Самодовольство, восторженные мечтания о светлом будущем, уверенность в высокой правде происходящего, в превосходстве социалистической системы, осуществляемой в нашей стране, над всеми другими, - идолы, которые казались всемогущими, обрушились в один миг.

Так стало ясно, что железный занавес, отгораживающий нас от мира, объяснялся не теми причинами, которые казались убедительными, - необходимостью защищать духовные завоевания советского государства от враждебного человеку мира капитализма, - а свидетельствовал о крахе гуманизма в государстве, скрывавшемся за этим занавесом.
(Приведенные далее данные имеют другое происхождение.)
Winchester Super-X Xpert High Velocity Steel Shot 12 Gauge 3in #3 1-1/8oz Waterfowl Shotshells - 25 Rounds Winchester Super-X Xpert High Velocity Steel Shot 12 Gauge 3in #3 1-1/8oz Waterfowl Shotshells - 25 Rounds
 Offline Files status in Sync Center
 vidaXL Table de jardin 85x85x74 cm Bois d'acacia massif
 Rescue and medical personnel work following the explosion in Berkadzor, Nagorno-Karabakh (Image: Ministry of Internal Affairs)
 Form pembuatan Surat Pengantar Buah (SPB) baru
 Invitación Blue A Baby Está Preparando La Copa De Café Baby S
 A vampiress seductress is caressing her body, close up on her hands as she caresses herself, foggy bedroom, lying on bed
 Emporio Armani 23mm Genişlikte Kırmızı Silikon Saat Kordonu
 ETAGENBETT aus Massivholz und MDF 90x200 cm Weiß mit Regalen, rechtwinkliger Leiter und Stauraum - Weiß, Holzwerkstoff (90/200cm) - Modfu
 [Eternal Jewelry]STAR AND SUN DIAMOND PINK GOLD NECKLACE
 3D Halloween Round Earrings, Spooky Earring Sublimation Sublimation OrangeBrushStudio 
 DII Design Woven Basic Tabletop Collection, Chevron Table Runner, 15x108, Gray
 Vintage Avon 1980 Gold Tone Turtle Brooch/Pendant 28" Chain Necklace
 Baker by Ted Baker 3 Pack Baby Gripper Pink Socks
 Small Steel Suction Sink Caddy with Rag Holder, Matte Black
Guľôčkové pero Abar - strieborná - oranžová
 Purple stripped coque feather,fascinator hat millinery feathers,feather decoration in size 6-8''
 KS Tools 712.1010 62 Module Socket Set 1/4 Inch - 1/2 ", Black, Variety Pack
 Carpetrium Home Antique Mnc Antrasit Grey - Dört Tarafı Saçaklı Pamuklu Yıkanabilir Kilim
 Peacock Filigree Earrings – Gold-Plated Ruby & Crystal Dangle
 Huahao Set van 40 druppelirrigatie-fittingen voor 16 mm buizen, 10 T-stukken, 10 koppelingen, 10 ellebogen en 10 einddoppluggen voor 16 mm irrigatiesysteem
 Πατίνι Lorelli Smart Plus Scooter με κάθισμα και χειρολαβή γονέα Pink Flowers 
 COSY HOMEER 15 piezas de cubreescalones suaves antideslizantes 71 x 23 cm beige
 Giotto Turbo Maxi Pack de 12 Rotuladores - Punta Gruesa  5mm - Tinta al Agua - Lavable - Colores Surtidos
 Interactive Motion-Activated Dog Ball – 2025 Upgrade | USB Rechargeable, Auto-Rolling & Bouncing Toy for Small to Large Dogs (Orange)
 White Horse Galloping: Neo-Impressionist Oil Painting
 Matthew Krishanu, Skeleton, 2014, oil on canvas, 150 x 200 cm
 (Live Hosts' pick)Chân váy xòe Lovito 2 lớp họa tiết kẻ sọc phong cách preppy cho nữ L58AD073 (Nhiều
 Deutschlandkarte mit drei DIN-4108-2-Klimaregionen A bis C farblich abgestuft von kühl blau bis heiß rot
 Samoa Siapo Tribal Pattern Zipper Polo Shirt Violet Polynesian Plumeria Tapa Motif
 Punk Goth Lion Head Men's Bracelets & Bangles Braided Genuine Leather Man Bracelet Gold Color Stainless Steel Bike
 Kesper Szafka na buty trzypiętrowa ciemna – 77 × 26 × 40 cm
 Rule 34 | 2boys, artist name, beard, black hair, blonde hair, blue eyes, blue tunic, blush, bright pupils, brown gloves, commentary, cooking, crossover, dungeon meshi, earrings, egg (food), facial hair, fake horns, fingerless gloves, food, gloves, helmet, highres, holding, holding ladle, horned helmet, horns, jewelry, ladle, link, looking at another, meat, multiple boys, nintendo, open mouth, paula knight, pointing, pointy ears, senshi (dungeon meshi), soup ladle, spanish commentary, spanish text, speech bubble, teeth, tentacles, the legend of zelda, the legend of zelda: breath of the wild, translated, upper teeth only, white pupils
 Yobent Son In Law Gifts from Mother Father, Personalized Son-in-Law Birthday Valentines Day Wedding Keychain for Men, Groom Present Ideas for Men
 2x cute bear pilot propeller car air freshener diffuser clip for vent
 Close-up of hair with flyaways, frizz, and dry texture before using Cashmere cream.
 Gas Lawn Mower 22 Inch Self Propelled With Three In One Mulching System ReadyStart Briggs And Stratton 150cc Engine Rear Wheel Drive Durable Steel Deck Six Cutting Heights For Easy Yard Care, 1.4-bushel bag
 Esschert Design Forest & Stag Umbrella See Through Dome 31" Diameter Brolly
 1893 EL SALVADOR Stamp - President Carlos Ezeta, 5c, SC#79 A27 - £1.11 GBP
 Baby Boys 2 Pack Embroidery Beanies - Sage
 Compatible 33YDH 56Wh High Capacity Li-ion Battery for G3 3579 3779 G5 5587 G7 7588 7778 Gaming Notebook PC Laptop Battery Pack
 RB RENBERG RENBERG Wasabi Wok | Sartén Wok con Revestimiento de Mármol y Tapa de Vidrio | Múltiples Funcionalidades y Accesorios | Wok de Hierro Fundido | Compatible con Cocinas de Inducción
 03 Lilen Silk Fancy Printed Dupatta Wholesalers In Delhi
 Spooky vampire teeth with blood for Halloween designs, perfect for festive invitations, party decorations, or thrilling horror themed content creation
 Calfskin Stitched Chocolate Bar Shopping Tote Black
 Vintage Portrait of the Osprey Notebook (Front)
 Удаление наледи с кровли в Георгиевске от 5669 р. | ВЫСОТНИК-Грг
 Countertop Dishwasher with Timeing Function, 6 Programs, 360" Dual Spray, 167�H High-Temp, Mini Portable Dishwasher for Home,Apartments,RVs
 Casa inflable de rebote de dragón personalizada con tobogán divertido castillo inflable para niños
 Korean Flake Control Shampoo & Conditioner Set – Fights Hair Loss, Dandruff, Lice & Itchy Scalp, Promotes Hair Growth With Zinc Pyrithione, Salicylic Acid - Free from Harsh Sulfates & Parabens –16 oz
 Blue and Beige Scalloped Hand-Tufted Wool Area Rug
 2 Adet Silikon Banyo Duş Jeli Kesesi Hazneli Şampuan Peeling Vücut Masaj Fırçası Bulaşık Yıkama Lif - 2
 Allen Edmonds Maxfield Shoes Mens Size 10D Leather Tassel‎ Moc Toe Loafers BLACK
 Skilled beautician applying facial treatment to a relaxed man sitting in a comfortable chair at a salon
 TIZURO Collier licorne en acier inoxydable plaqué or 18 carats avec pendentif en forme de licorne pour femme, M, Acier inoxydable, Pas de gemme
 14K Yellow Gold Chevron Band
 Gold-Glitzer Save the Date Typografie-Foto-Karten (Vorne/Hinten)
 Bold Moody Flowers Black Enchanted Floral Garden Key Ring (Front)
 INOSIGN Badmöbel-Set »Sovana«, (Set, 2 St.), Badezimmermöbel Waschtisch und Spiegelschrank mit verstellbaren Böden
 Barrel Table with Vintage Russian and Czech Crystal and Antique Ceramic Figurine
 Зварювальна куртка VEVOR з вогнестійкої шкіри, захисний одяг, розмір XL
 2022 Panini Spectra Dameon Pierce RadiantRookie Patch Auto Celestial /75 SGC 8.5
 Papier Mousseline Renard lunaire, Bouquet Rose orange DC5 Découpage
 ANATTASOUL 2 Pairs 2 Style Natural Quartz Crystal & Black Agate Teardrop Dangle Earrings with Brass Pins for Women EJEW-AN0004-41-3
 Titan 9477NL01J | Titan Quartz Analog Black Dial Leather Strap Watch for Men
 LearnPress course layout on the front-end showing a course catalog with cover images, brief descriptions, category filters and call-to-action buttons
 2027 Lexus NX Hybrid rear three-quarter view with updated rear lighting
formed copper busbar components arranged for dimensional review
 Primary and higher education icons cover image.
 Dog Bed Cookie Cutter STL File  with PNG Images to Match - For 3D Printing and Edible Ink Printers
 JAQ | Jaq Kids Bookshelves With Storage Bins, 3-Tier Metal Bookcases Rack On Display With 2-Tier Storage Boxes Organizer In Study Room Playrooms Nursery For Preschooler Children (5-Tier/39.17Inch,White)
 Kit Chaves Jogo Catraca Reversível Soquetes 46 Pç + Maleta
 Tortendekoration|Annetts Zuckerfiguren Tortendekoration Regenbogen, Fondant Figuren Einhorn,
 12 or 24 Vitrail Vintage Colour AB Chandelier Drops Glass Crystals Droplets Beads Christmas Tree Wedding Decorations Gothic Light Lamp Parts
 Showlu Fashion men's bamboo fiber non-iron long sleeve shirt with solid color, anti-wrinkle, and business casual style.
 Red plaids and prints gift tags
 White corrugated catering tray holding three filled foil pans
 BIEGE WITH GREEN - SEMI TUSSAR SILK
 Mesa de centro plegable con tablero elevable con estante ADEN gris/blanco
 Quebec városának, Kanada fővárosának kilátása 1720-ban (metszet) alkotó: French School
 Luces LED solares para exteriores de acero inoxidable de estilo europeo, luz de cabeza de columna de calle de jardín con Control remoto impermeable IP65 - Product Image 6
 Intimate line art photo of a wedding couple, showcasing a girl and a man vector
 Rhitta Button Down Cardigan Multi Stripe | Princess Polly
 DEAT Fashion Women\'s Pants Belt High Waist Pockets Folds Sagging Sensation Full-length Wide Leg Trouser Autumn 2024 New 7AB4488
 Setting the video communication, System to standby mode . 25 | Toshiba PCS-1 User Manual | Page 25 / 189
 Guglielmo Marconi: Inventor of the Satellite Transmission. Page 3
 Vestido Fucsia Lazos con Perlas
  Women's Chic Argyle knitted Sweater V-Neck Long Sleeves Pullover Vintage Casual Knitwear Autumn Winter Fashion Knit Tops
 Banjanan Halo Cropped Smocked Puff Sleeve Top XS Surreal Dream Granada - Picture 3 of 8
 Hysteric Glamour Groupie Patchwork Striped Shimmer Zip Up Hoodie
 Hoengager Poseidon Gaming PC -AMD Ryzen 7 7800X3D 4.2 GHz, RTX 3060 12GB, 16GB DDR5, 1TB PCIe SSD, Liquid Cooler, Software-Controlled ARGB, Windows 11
Обществу убежденных материалистов предстояло освободиться от штампов идеологического прошлого, вернуться к нормальной жизни. Для этого требовались решимость и мужество как одиночек, так и всего народа в целом.

Поначалу лучшие из умов, не готовые к отрицанию, искали возможности прийти к истинным большевистским ценностям взамен ложных,- причём, даже в среде людей, прошедших через войны и лагеря. Жили надеждой всё исправить, оставаясь как в политике, культуре, так и в обычной жизни в прежних идеологических рамках строительства коммунизма.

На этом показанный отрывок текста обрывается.